State-by-State Tenancy Workflow Review
This public review explains which tenancy workflows Leasily supports with guardrails, reminders, records, or manual-review boundaries across Australia.
1.Purpose and limits
This State-by-State Tenancy Workflow Review explains how Leasily treats major Australian residential tenancy workflows at a public level. It is not legal advice and is not a substitute for current state legislation, prescribed forms, regulator guidance, tribunal practice, or advice about your facts.
Leasily may use state rules to show reminders, block higher-risk workflows, calculate timing guardrails, record evidence, or label a step as manual. That does not mean Leasily has completed the legal step for you.
2.Workflow categories
- Automated guardrail: the product checks or blocks a timing/status condition before allowing a workflow to proceed.
- Reminder only: the product can show deadlines, nudges, or statuses, but the user generally needs to complete the legal step.
- Record keeping only: the product stores evidence, references, documents, or notes, but does not perform the legal act.
- Manual or review required: the user should complete the step outside Leasily or seek independent advice before acting.
3.Current state review
- NSW: no-grounds landlord notice workflows are designed to be blocked in self-serve flows; bond, rent increase, entry, breach, condition report, disclosure, and renewal rules may be supported as guardrails or records.
- VIC: no-grounds landlord notice workflows are designed to be blocked in self-serve flows; rent increase timing, prescribed-reason notice periods, entry windows, bond records, and disclosures require careful state review.
- QLD: no-grounds landlord notice workflows are designed to be blocked; QLD-specific rent-increase, bond, breach, entry, minimum standards, and disclosure rules are treated as state-specific guardrails or records.
- WA: some no-grounds notice workflows may be available only where seeded rules permit them; bond, entry, rent increase, condition report, and disclosure records remain landlord-controlled.
- SA: no-grounds notice workflows may be available only where seeded rules permit them; bond deadlines and prescribed disclosures remain landlord-controlled and should be checked against current CBS guidance.
- TAS: no-grounds notice workflows may be available only where seeded rules permit them; condition report, breach, entry, bond, and renewal records require state-specific review.
- ACT: no-grounds landlord notice workflows are designed to be blocked; ACT-specific EER, bond, entry, rent increase, prescribed-reason termination, and disclosure records require careful review.
- NT: trust-account handling for bond money is treated as a manual responsibility; termination, rent increase, breach, and entry rules are state-specific and should be checked before action.
4.Bond workflows
Bond features are generally reminder and record-keeping tools. Leasily can record payment status, authority state, lodgement evidence, proof references, refund status, and dispute evidence. Unless a product screen expressly says otherwise, landlords remain responsible for collecting, holding, lodging, refunding, and disputing bond money under the relevant state or territory law.
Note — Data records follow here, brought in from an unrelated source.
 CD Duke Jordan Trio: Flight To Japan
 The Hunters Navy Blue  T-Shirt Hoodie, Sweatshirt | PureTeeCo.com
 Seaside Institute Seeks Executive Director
5.Rent increases and rent schedules
Leasily can apply state-specific timing guardrails for rent increase workflows and update future rent schedule records where a supported notice becomes effective. Users remain responsible for checking whether rent can be increased, whether prescribed wording or forms are required, and whether service has been validly completed.
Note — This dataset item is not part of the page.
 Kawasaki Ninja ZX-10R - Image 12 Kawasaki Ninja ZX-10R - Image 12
6.Breach, termination, and entry notices
Breach, termination, and entry workflows are legally sensitive. Leasily may block unsupported no-grounds or breach-based termination workflows, enforce minimum timing, require reasons, or keep audit records. Users remain responsible for the facts, prescribed form, service method, evidence, follow-up, and tribunal process.
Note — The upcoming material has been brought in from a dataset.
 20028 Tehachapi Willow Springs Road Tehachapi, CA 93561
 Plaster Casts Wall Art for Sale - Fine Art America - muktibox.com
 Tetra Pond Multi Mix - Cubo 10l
7.Disclosures, condition reports, and renewals
Leasily may collect state-specific disclosure inputs, condition report timing information, renewal reminders, and related records. These are support tools. Landlords must check current state requirements and provide any prescribed documents, information statements, by-laws, safety disclosures, or government forms required outside the product if not expressly supported.
8.Rule currency
Tenancy laws change frequently. Leasily aims to keep product rules and public notices aligned with current product behaviour, but users should verify high-consequence decisions against official state or territory sources before acting.